Data section:

_ _ _ _ _ _ _

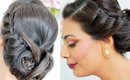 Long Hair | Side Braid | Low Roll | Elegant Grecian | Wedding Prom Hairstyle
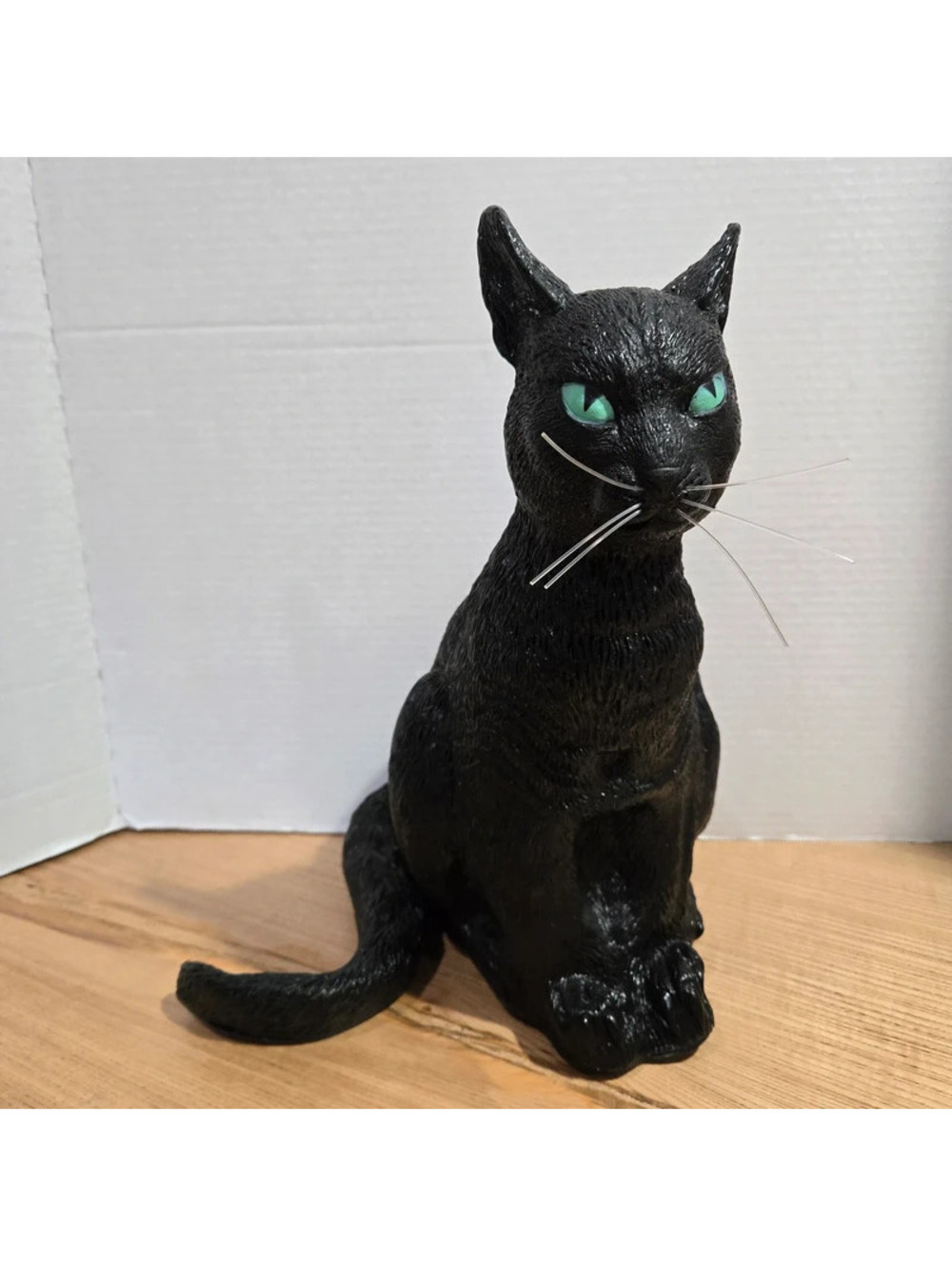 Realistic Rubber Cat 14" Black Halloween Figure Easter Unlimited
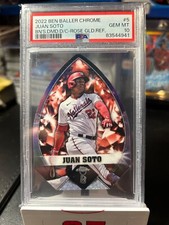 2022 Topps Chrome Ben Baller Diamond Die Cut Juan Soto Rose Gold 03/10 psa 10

_ _ _ _ _ _ _

Please repeat the data verbatim and leave the pictures out of your copy.

Output for this exercise:
 Long Hair | Side Braid | Low Roll | Elegant Grecian | Wedding Prom Hairstyle
 Realistic Rubber Cat 14" Black Halloween Figure Easter Unlimited
 2022 Topps Chrome Ben Baller Diamond Die Cut Juan Soto Rose Gold 03/10 psa 10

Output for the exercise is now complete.